== EXERCISE DATA ==
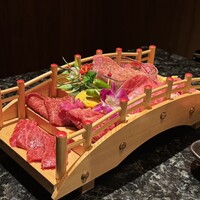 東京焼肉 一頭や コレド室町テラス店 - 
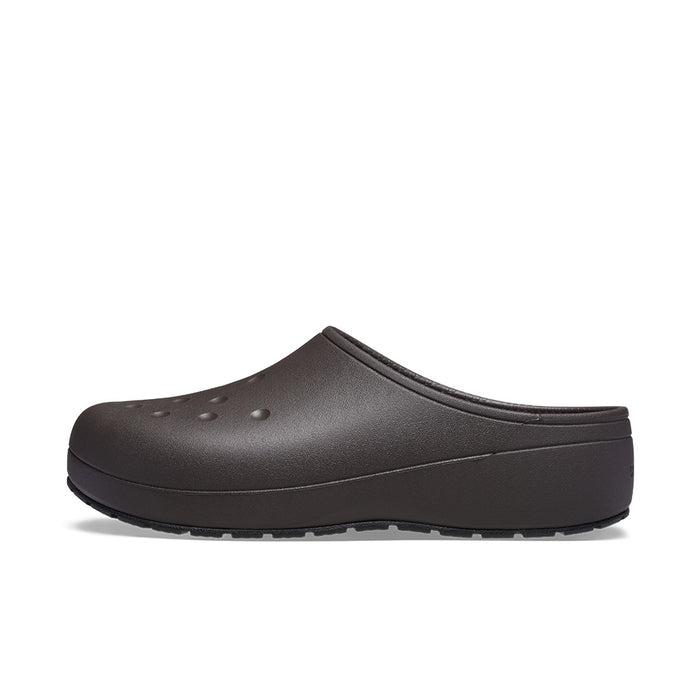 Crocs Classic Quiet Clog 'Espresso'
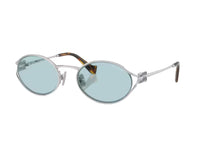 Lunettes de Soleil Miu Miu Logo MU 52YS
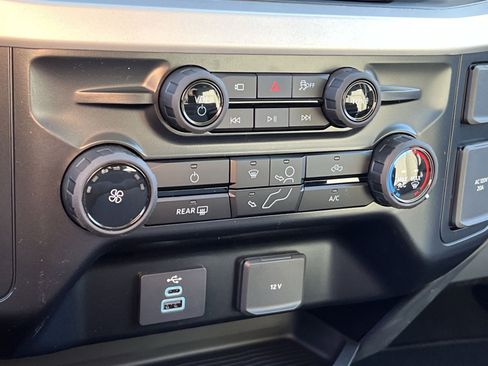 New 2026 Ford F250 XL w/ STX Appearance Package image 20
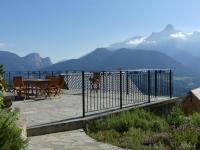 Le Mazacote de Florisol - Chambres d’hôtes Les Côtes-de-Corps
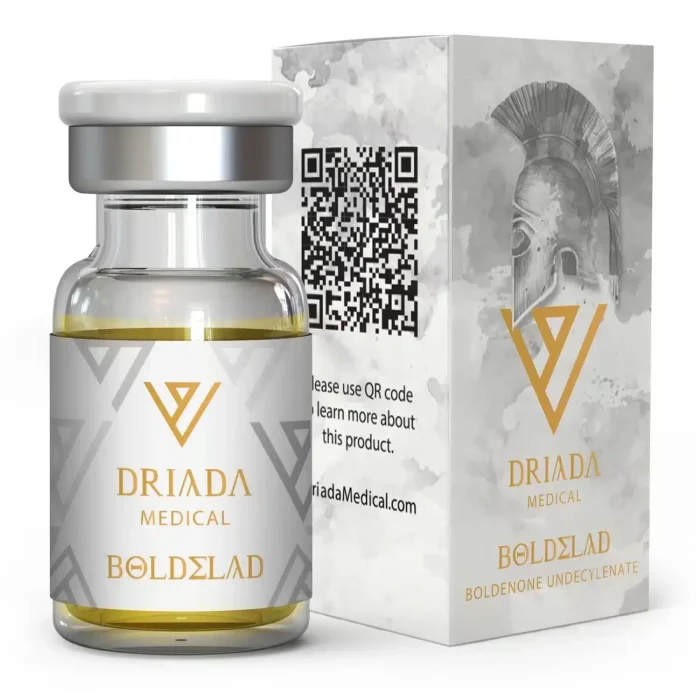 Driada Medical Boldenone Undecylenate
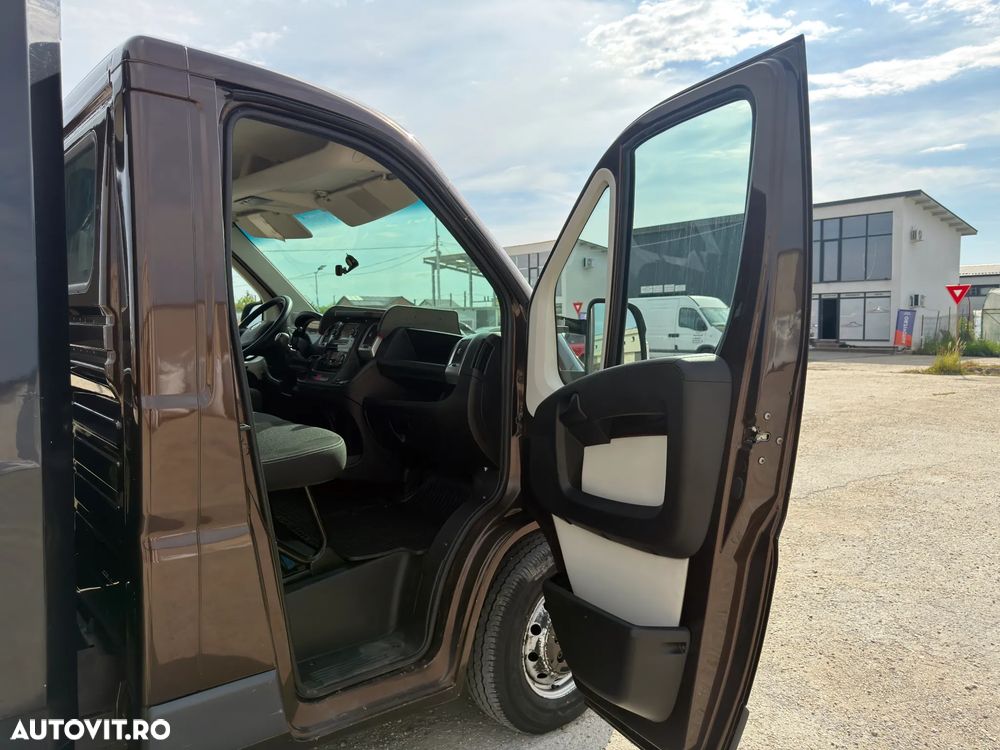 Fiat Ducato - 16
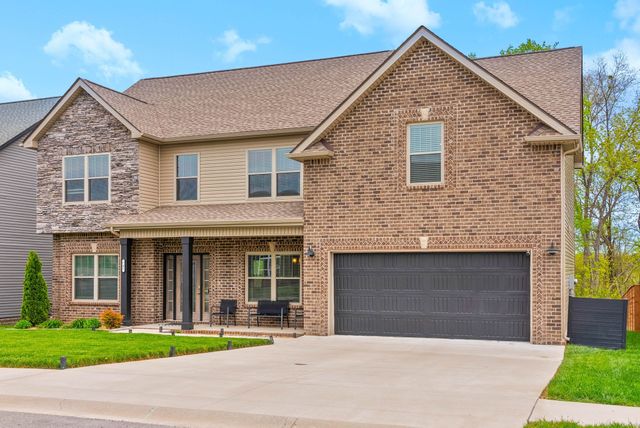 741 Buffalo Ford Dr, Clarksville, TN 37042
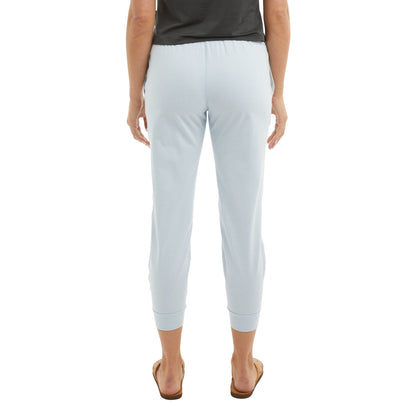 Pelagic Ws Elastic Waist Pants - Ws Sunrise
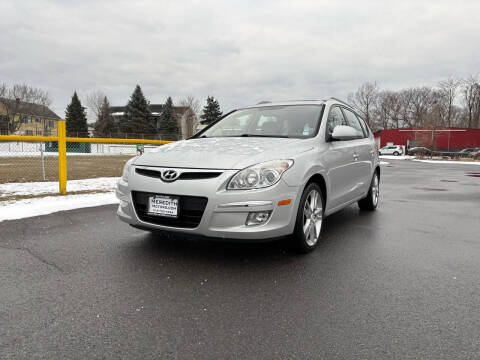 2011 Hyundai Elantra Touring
===
EXERCISE DESCRIPTION:
Pictures do not belong in the copy. Repeat exactly each line from the one with "Lunettes de Soleil Miu Miu Logo MU 52YS" through the end of the listing.

RESPONSE FOR THIS EXERCISE:
 Lunettes de Soleil Miu Miu Logo MU 52YS
 New 2026 Ford F250 XL w/ STX Appearance Package image 20
 Le Mazacote de Florisol - Chambres d’hôtes Les Côtes-de-Corps
 Driada Medical Boldenone Undecylenate
 Fiat Ducato - 16
 741 Buffalo Ford Dr, Clarksville, TN 37042
 Pelagic Ws Elastic Waist Pants - Ws Sunrise
 2011 Hyundai Elantra Touring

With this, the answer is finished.